We'll discuss how to elect a new coordinator in a few classes. So, for now, let's just assume that this happens auto-magically. Once we have a new coordinator, it polls the participants and acts accordingly:

If any participant has aborted, it sends ABORTs to all (This action is mandatory -- remember "all or none").
If any participant has committed, it sends COMMIT to all. (This action is mandatory -- remember "all or none").
If at least one participant is in the commitable state and a majority of the participants are commitable or uncertain, send PRECOMMIT to each participant and proceed with "the standard plan" to commit.
If there are no committable participants, but more than half are uncertain, send a PREABORT to all participants. Then follow this up with a full-fledged ABORT when more than half of the processes are in the abortable state. PRECOMMIT and abortable are not shown above, but they are complimentary to COMMIT and commitable. This action is necessary, because an abort is the only safe action -- some process may have aborted.
If none of the above are true, block until more responses are available.

Two-Phase Locking

Transaction, by their nature, play with many different, independent resources. It is easy to imagine that, in our quest for a high throughput, we process two transactions in parallel that share resources.
This can generate an obvious problem for "Isolation". We need to ensure that the results are consistent with the two (or more) concurrent transactions being commited in some order. So we can't allow them to make uncoordinated use of the resources.
So, let's asusme that, while any transaction is writing to a resource, it is locked, preventing any other transaction from writing to it. Now, a transaction can acquire all of the locks it needs, complete the mutation, and release the locks. This scheme prevents the corruption of the resources -- but opens us up to another problem: deadlock.
Let's imagine that one transaction wants to access resource A, then C, then B. And, other concurrent transaction wants to access resource B, then A, then C. We've got a problem if the one of the transactions grabs resources A and C, and the other grabs resources B. Neither transaction can complete. One is hold A and C, waiting for the other to release B. And, the other is holding B, while waiting for C and A. What we have here is known as circular wait, which is one of the four "necessary and sufficient" conditions for deadlock, usually captured as:

Non-sharable resource, e.g. mutual exclusion
Non-preemptable (no police, or even big sticks, to settle disputes)
Hold and wait usage (holding a resource while needing another)
Circular wait (hold and wait + a circular dependency chain)

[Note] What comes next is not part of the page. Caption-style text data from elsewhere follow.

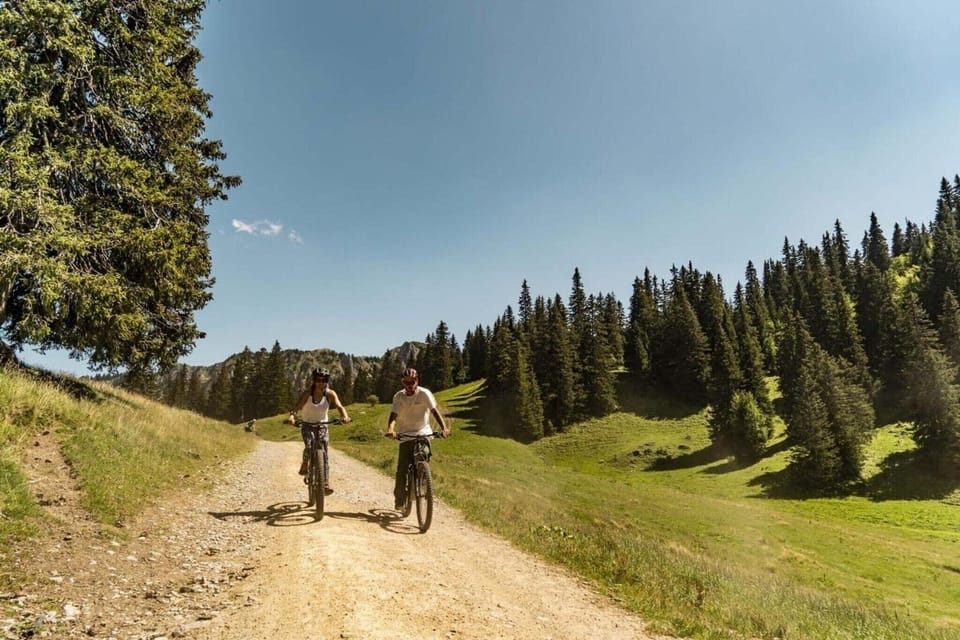Surroundings [summer] (1-5 km)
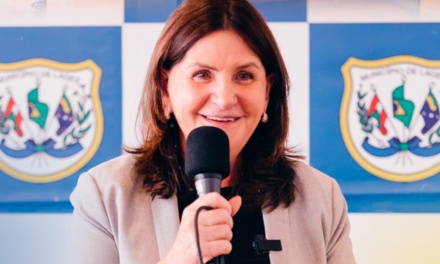 Carmen Zanotto avalia troca de partido e pode se filiar ao Republicanos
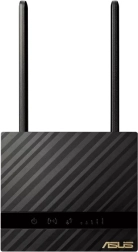 Router modem ASUS 4G LTE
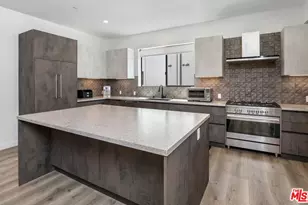 4724 N Village Ct Ln, Valley Village, CA 91607 - Photo 1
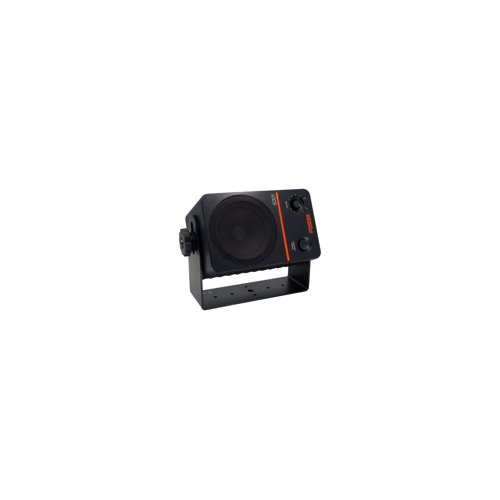 Fostex 6301ND 4-Inch Active Monitor Speaker (Single, 20W D-Class Amplifier)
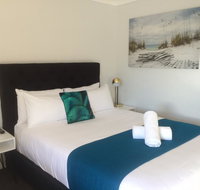 Araluen Motor Lodge - Geraldton Accommodation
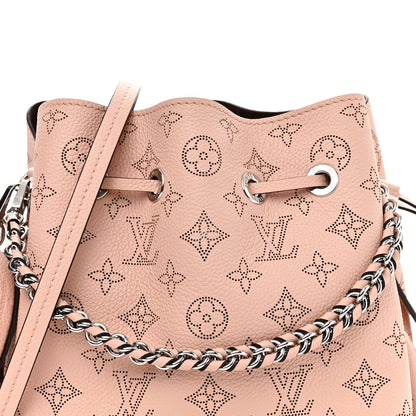 Louis Vuitton Mahina Bella Magnolia 7 of 10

Fortunately, circular-wait is often very easy to attack. If the resources are enumerated in a consistent way across users, e.g. A, B, C, D, ...Z, and each user requests resources only in increasing order (without wrap-around), circular wait is not possible. One can't wait on a lower resource than one already holds, so the depednency chain can't be circular.
This observation is the basis of a two-phase lock. In the first phase, a transaction acquires -all- of the locks it needs in strictly -increasing- order. It then uses the resources. In the last phase, it shrinks, or releases locks. This universal ordering in which all users acquire resources prevents deadlock.
In practice, transactions often are said to begin phase-1 (growing) when they start and end phase-1 when they are done processing and are ready to commit. Phase-2 begins (and ends) upon the commit. So, the essential part of 2PL is, as you might guess, the serial order in which the locks are acquired. The two phases are, in practice, mostly imaginary.

Safe Schedules

Transactions must execute as if in isolation. That doesn't necessarily prohibit concurrency among transactions -- it just implies that this concurrency shouldn't have any effect on the results or the state of the system. In fact, as long as the results and other state are the same as for some serial execution of the transactions, the transactions can be interleaved, executed concurrently, or btoh.
Transaction processing systems (TPSs) contain a transaction scheduler that dispatches the transactions and allows them to execute. This scheduler isn't necessarily FIFO, and it doesn't necessarily dispatch only one at a time. Instead, it tries to maximize the amount of work that gets done. One popular measure of the performance of a TPS is the number of transactions per second (TPS). Yes, unfortuantely, TPS is also its abbreviation.
In discussing the scheduler, it is helpful to ask the question, "What is a schedule?" It is an ordering of events. The transaction scheduler's job is to execute the indivdual operations that compose the transactions in an order that is efficient and preserves the property of isolation. As a result, it is the schedule of individual operations that is our concern.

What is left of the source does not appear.